Aim of the task:
Please give back, exactly as written, the lines from the line with "Oxford ringband ´School" to the line with "Front cover_Fiche de" in the listing below, leaving out all pictures.
----- Source data -----
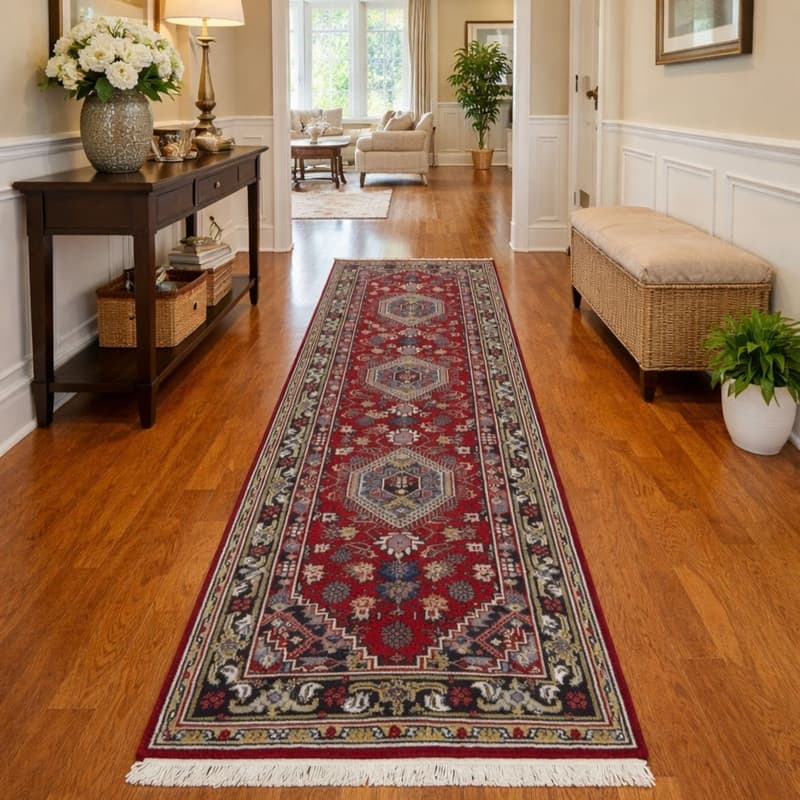 HERAT ORIENTAL Handmade Medallion Bidjar Wool Runner Rug - 2'9 x 12'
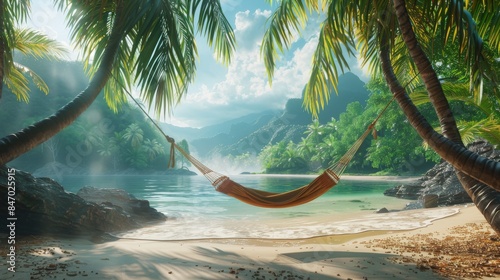 A hammock strung between two palm trees on the beach river's edge, swaying gently in the breeze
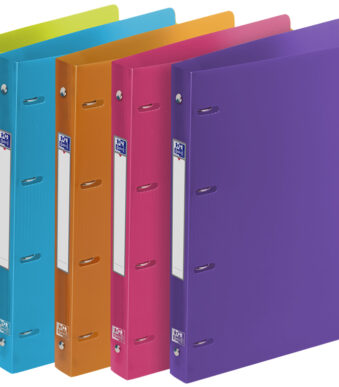Oxford ringband ´School Life´, DIN A4 XL, 4-rings, PP, rugbreedte 30 mm, kleuren assorti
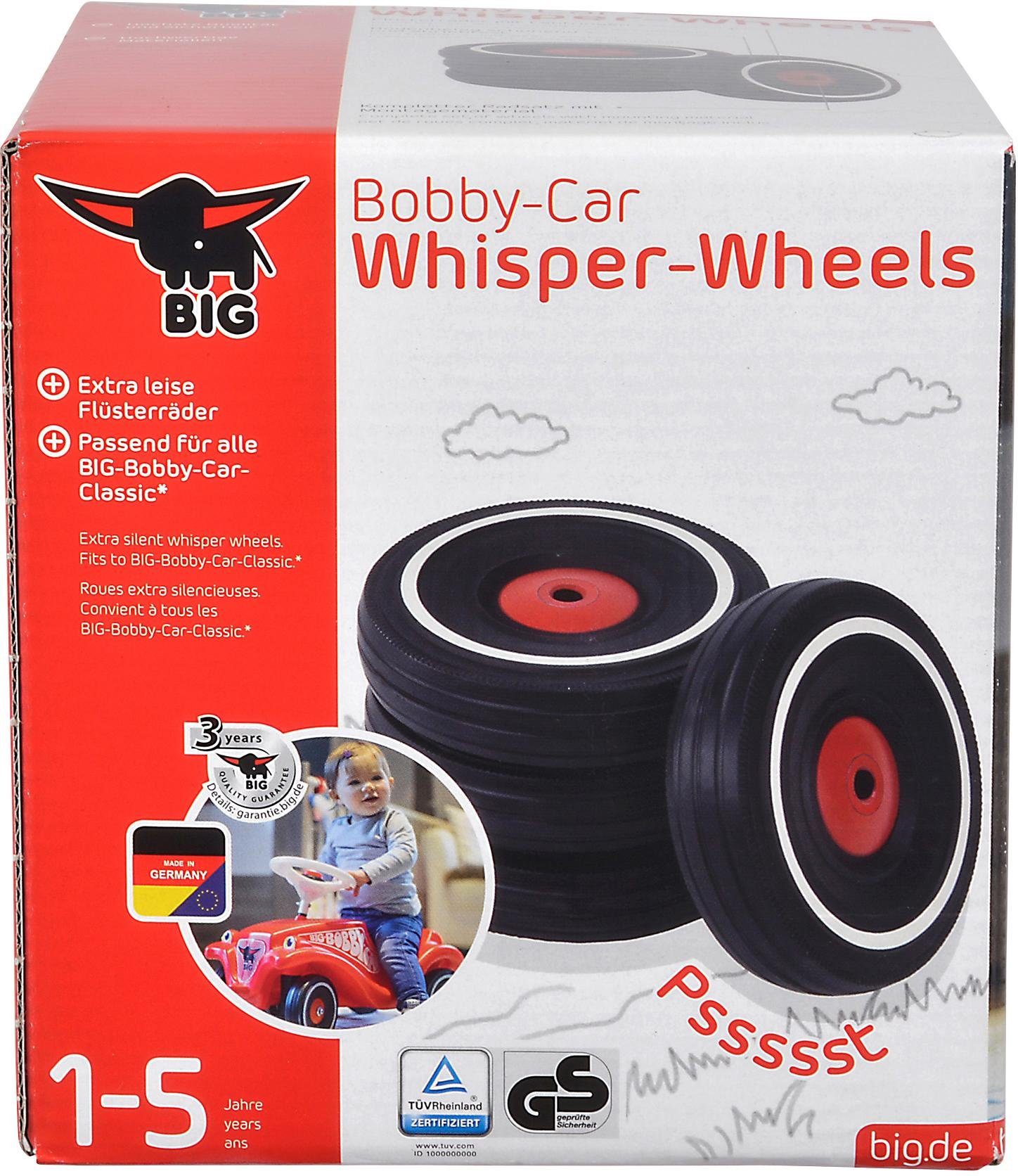 Räder-Set Bobby Car Reifen-Set BIG Flüsterreifen Flüster-Räder in schwarz 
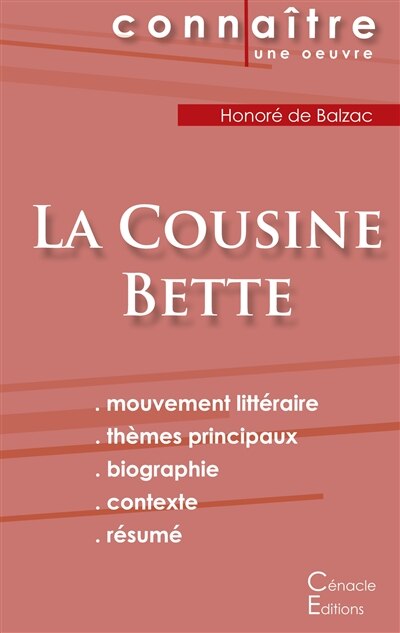 Front cover_Fiche de lecture La Cousine Bette de Balzac (Analyse littéraire de référence et résumé complet)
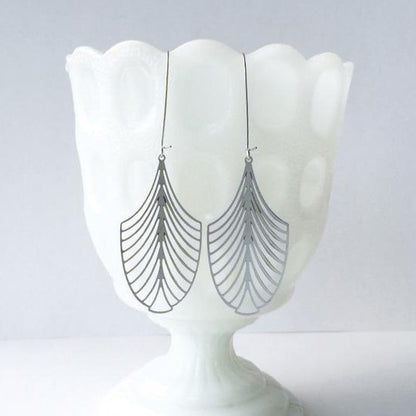 Art Deco Leaf Earrings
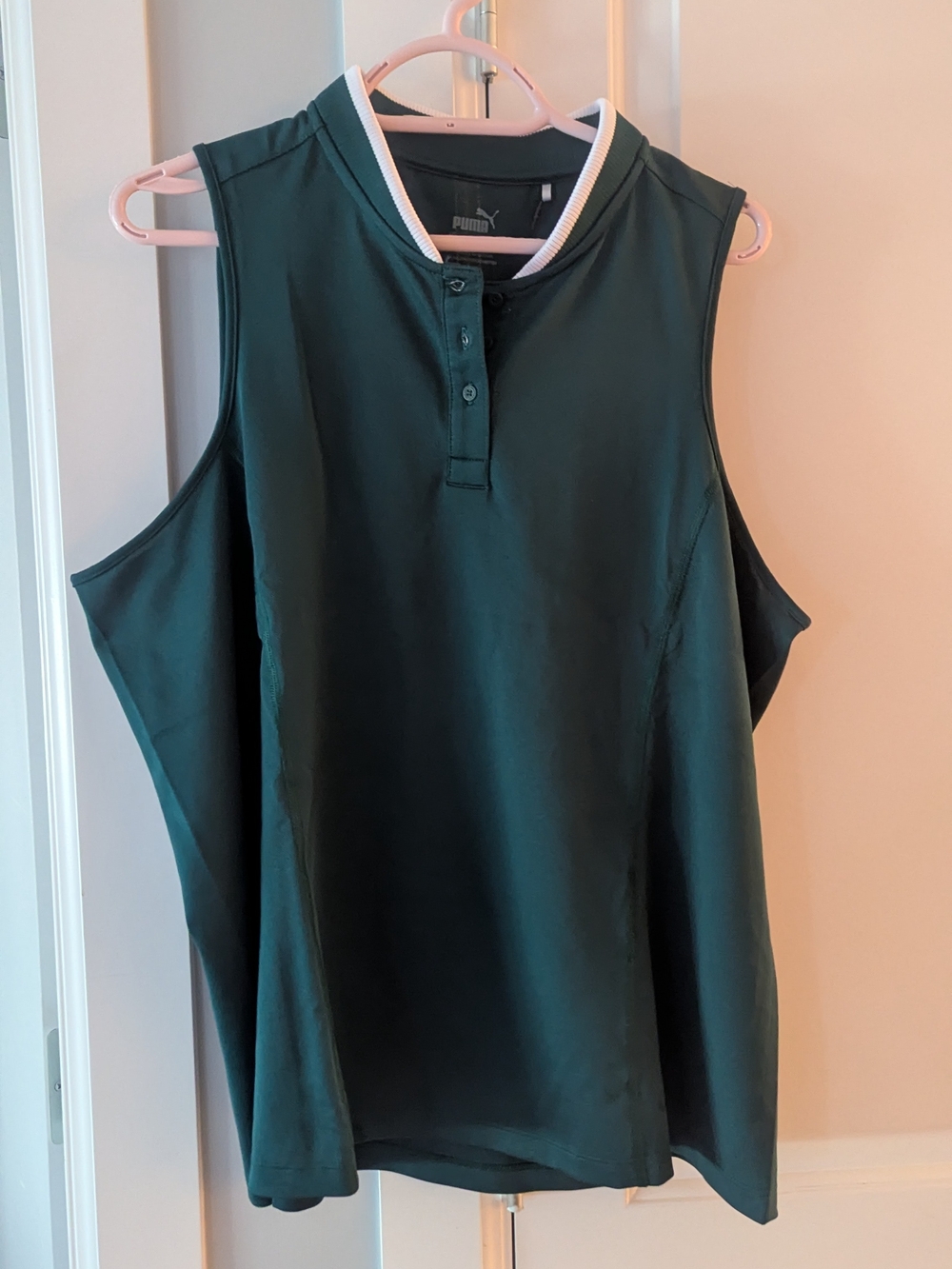 Puma Women's Dark Green Sleeveless Polo Tank with White Trim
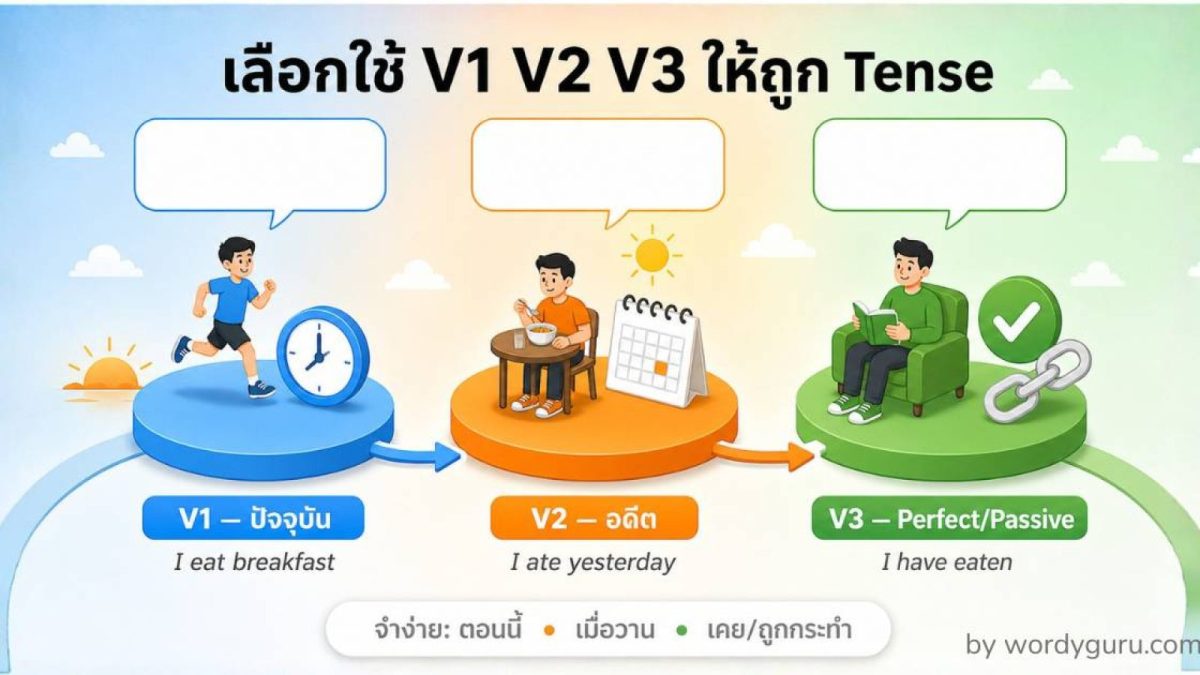 แผนภูมิเวลา V1 V2 V3 แสดงการใช้กริยา 3 ช่องตามกาลปัจจุบัน อดีต และ Past Participle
-----
Written solution:
Oxford ringband ´School Life´, DIN A4 XL, 4-rings, PP, rugbreedte 30 mm, kleuren assorti
 Räder-Set Bobby Car Reifen-Set BIG Flüsterreifen Flüster-Räder in schwarz 
 Front cover_Fiche de lecture La Cousine Bette de Balzac (Analyse littéraire de référence et résumé complet)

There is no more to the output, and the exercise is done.